DAP boycotts independent panel, wants Hanif removed

May 12, 2012
Malaysian Insider
 
KUALA LUMPUR, May 12 — The DAP will boycott Putrajaya’s independent panel investigating the Bersih 3.0 violence as long as Tun Hanif Omar remains a member and chairman.

DAP secretary-general Lim Guan Eng (picture) said today Hanif’s presence on the panel was a “clearcut case of conflict of interest” as the former Inspector-General of Police had revealed his opposition towards Bersih.

“The question at hand is not whether he has been fair and impartial before or that he was the former IGP. The fatal flaw was that he had already taken a partisan stand against Bersih by claiming that communist sympathisers were involved,” he said in a statement.

The Penang chief minister stressed that by linking Bersih to communism, Hanif was fighting yesterday’s “long-concluded wars” and that the results of the probe were now a foregone conclusion.

“Following his perverse logic, then Malaysia should not have signed the peace agreement with the Communist Party of Malaya on December 2, 1989,” he said.

Lim said Hanif’s support of Prime Minister Datuk Seri Najib Razak’s allegation that the rally was an attempt to overthrow the government further jeopardised his impartiality.

“In actual fact, by making such wild allegations, he should be a potential witness to the investigation panel rather than be a member,” he said.
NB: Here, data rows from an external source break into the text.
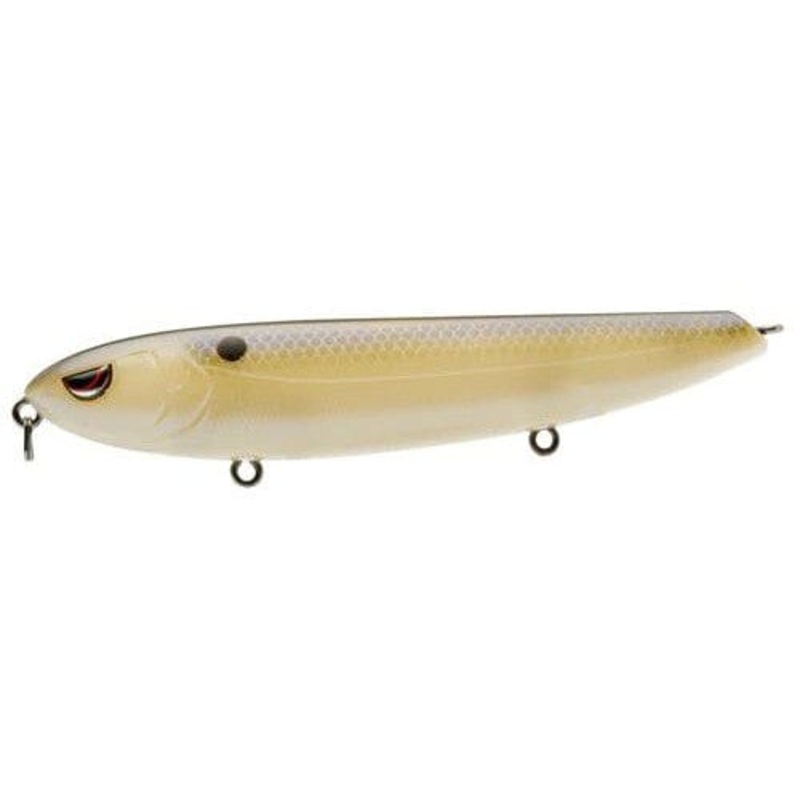 SPRO Walking Haint Natural Herring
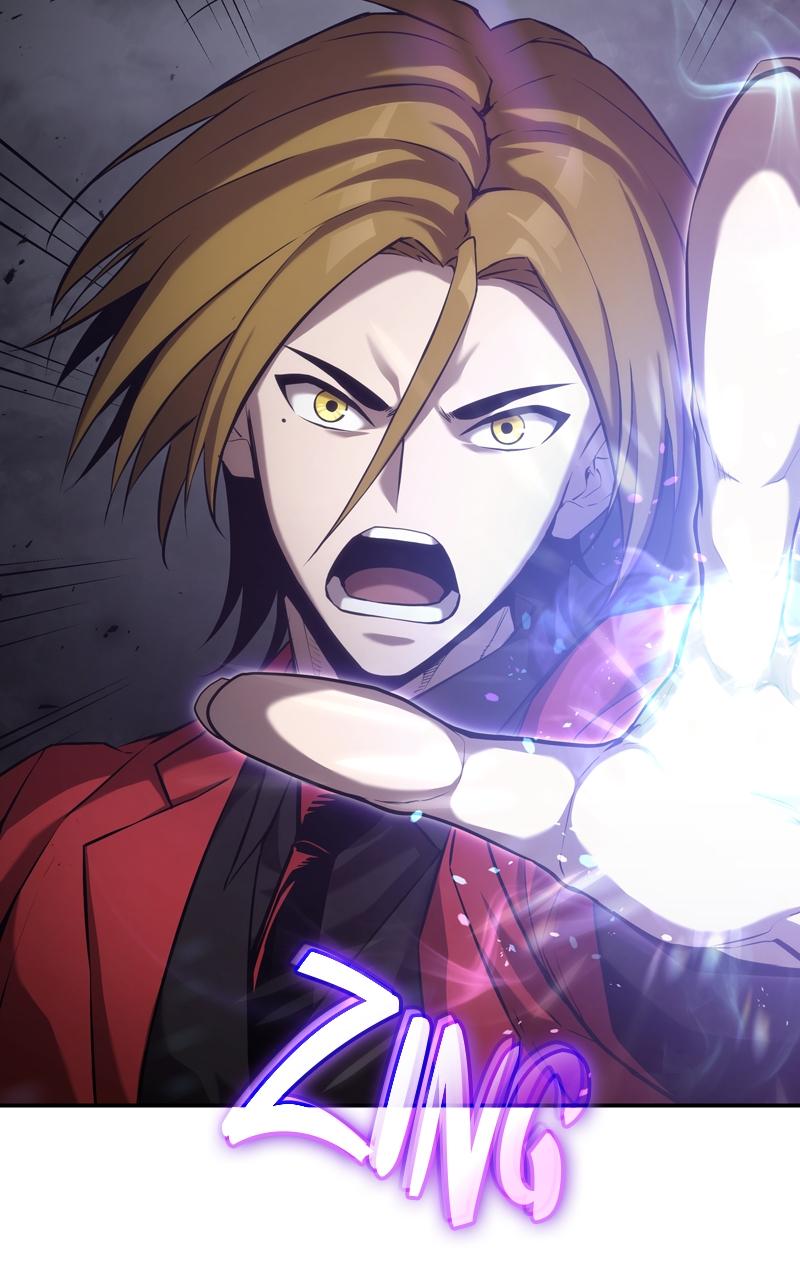Read Boundless Ascension Manga Online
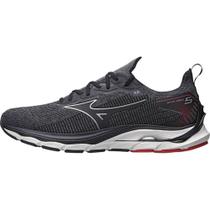 Tênis de Corrida Masculino Mizuno Wave Mirai 5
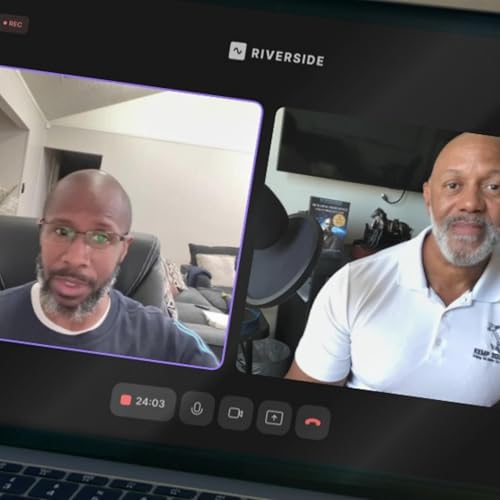 U.S. Navy. - Ret. Fleet Master Chief Raymond Kemp cover art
He said the panel would instead be better served by United Nations rapporteur Frank La Rue, who had offered to probe the matter, and his colleague Maina Kiai, as well as the National Human Rights Commission (Suhakam).

He added that DAP also agreed with the Malaysian Bar Council over the independent panel’s lack of legal framework and legal immunity.
“For these reasons and Hanif’s presence in the independent panel... have raised deep public concerns that the investigation will either be a whitewash of police brutality on peaceful demonstrators, a massive cover-up of the sufferings of the victims or a pretext to justify BN’s wild lies that Bersih 3.0 was a coup d’état attempt,” he said.

Yesterday, the Bar Council said the independent panel had no legal standing, adding that Hanif’s anti-Bersih stand should disqualify him from leading the probe.

Bersih similarly dismissed the panel, saying the team led by Hanif would be biased and “nothing more than a glorified task force.”

Najib had pledged last week that “credible, experienced and respectable” individuals would investigate the violence during Bersih’s third rally for free and fair elections that descended into chaos after police clashed with protestors.

But Bersih pointed out in a press statement yesterday that “no indication has been given by the government as to what law will regulate the establishment and functioning of this panel.”

Najib’s choice of the former Inspector-General of Police to head the panel came under immediate fire from the opposition and calls are growing for Hanif, who led the police for two decades since 1974, to recuse himself.

Chaos reigned on the streets of Kuala Lumpur for over four hours after 3pm on April 28 when police fired tear gas and water cannons and chased protesters down the streets to disperse what had initially been a peaceful protest calling for free and fair elections.